I understand you can use a 24+1 word mnemonic seed to generate your 256 bit private key.
Is the number of possibilties of the 24 words the same as the 256 bits? So: are there 2^255 possible 24 word combinations or is it only a subset of the possibilities?
If it is just a subset, it would be less secure I think. It would be more open to brute force attacks.
An other way of asking the question would be: is there a unique 24 word seed for every possible 256 bit private key?
Is the number of possibilties of the 24 words the same as the 256 bits? So: are there 2^255 possible 24 word combinations or is it only a subset of the possibilities?
Actually, it's just a little bit more than needed to encode a 256-bit number. Possible 24 word combinations (=1626^24) > possible 256 bits combinations (=2^256).
If it is just a subset, it would be less secure I think. It would be more open to brute force attacks.
It depends.
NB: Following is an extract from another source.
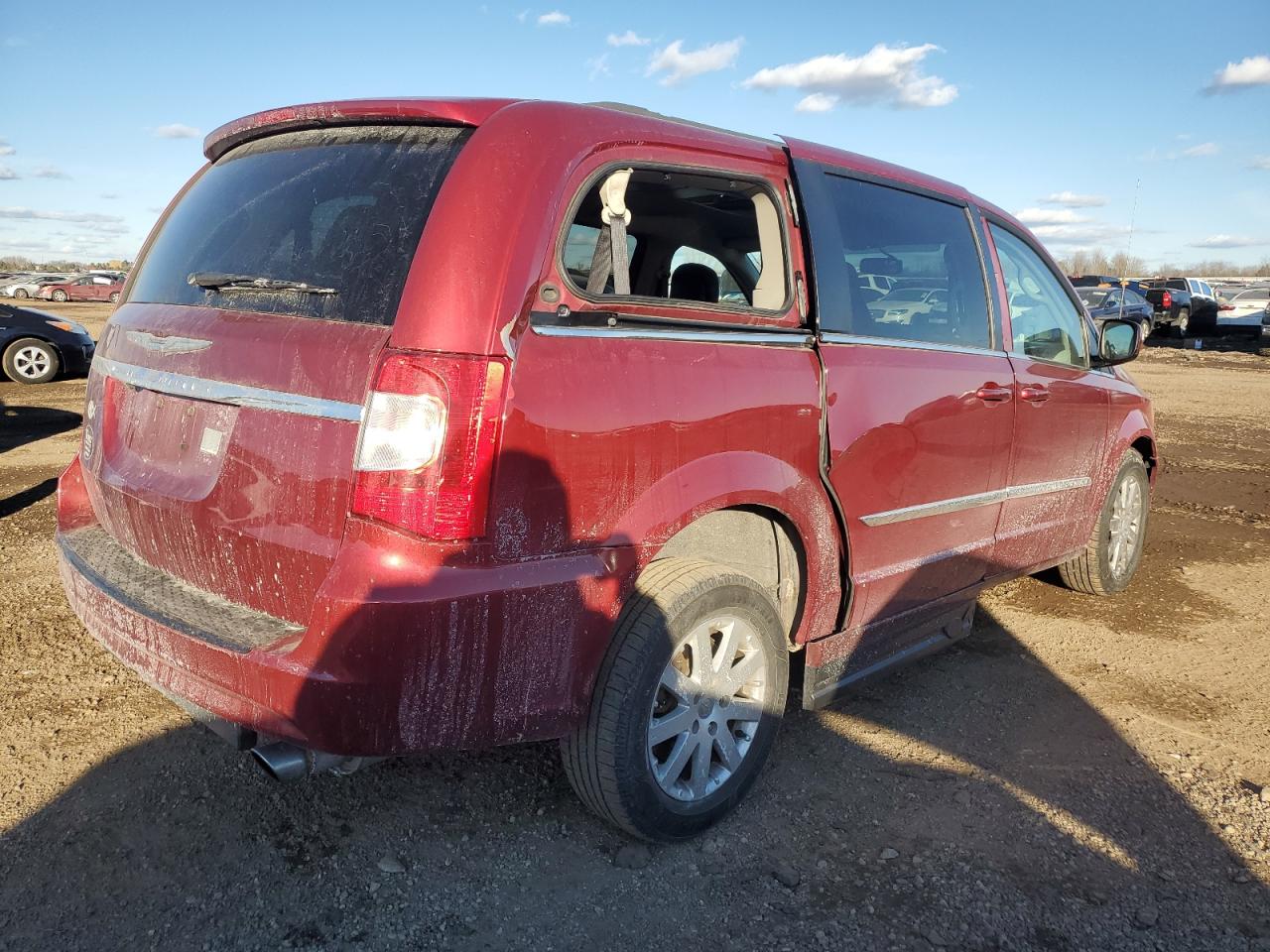 2014 Chrysler Town & Country - Image 3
I mean, it's like comparing a really huge number with a really huge number - a relatively small number. Both can be secure. Anyways, it's not a subset but there's one other detail. Not every 256 bits is a valid private key. Anything bigger than approx 252 bits gets "wrapped around" so you can have 2 mnemonics resulting in a same wallet, and the brute-force space would be this 252 bits. I believe it's "easier" to break EC crypto by solving discrete log problem, ie derive your private key from the public key instead of brute-forcing it. It's still "impossible", at least until QC :)
An other way of asking the question would be: is there a unique 24 word seed for every possible 256 bit private key?
Yes.
More info on the subject: Can you choose the mnemonic seed to create a wallet?
Using the mnemonic seed doesn't reduce the security.
The 25 word mnemonic seed is simply a way to represent the secret key, just like it can be represented by a hexadecimal string.
So, every possible secret key has its own 25 word representation.